WO Terry Vandenberghe, from 1 Combat Engineer Regiment, was amongst the first troops deployed to the region. Aboard a CC-130 Hercules, Vandenberghe and eight other CAF members flew out to Williams Lake, BC. He remained in the area for three weeks.
The main task of Vandenberghe, and his fellow CAF members, was to assist local RCMP in evacuations, controlling evacuation zones and spreading the word amongst the community on how to seek assistance.
“By getting out on the control points, that the RCMP set up, it freed the RCMP to do community policing and continue on with their job,” said the 1 CER member.
Vandenberghe then later returned in September for two weeks until the government confirmed that the province was no longer in a state-of-emergency.
Overall, in BC, CAF troops supported provincial firefighters, evacuated locals, transported equipment and first responders and delivered essentials. At the height of the mission, approximately 800 troops were deployed to the province and more than 2,000 military members from across the country were providing support to the province over the course of the operation.
This support, says Vandenberghe, translated as an immeasurable sense of appreciation from the locals who brought the members cookies to show their gratitude.
“It was great as a soldier to be back in the position to help Canadians on the ground.
“It’s an ability to help some of the communities that need our assistance, to help fellow Canadians in their time of need, just to be on home soil helping out, is worth the time,” said Vandenbergh.
A number of CAF members were also deployed to Northern Manitoba from Aug. 31 to Sept. 3 to evacuate members of the First Nations who reside around Island Lake, MB. In total, 12 flights were conducted to evacuate 1,119 people.
During this time, Sgt. Nicole Fagan, from 2IC Air Movements Section, and Capt. Jeff Edwards Squadron Standards Officer from 435 Transport and Rescue Squadron, were on the ground at Island Lake.
Island Lake, where much of the community is spread across different islands, was effected by kilometres and kilometres of smoke without the luxury of emergency services at their fingertips.
“You could just see how sad people were and not wanting to leave, and rightfully so, because they’re getting on a plane and leaving and not knowing what they’re going to come back to,” recalled Fagan.
Fagan was in-charge of a ground crew of five members for a number of days that helped load and transport baggage.
She echoed Vandenberghe’s sentiment of feeling grateful to help fellow Canadians on home soil.
“It’s definitely an honour, and I speak for myself and all the other crew members that were with me that day, this is what we’re here to do. Helping people at home. We get to go on deployments and we get to help so many other people around the world but when we get to stand up and help people at home, it definitely means a lot,” stated Fagan.

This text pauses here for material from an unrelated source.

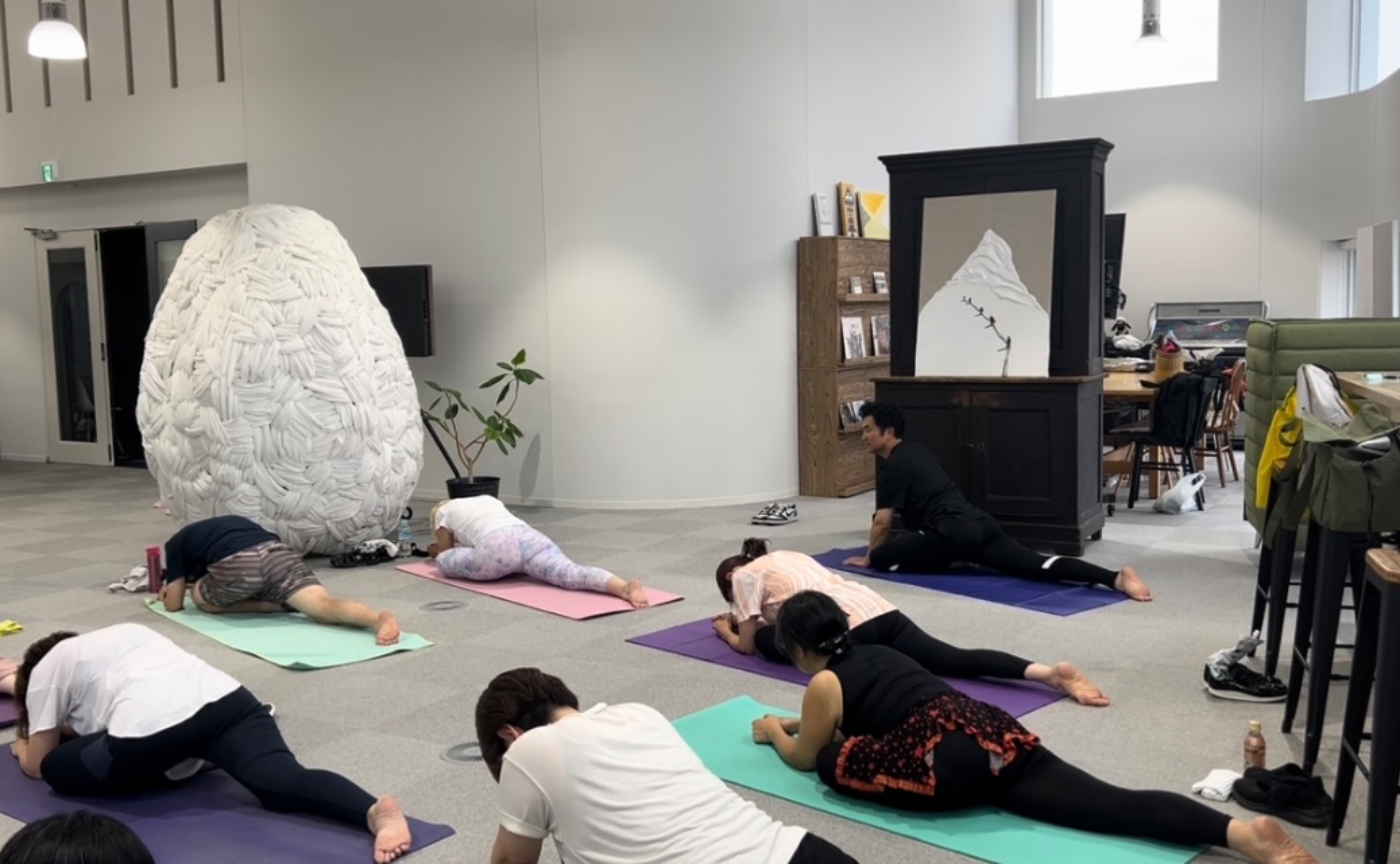 急遽開催決定！『身体の中心が整う』90min ワークアウト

To help evacuate the thousands of Island Lake residents effected by the wildfires, Capt. Edwards was on-hand to fly the evacuees from Island Lake to Manitoba. In total, Edwards estimates he helped to evacuate anywhere from 400-500 people.
“It means the world to me, obviously, something like this in support of helping Canadians. The whole crew were so pleased to be able to do something to help and the technicians we have here were working so hard to keep the aircraft running throughout the period that we were involved. It was a huge team effort and I think everyone was just over the moon to be involved,” said Edwards.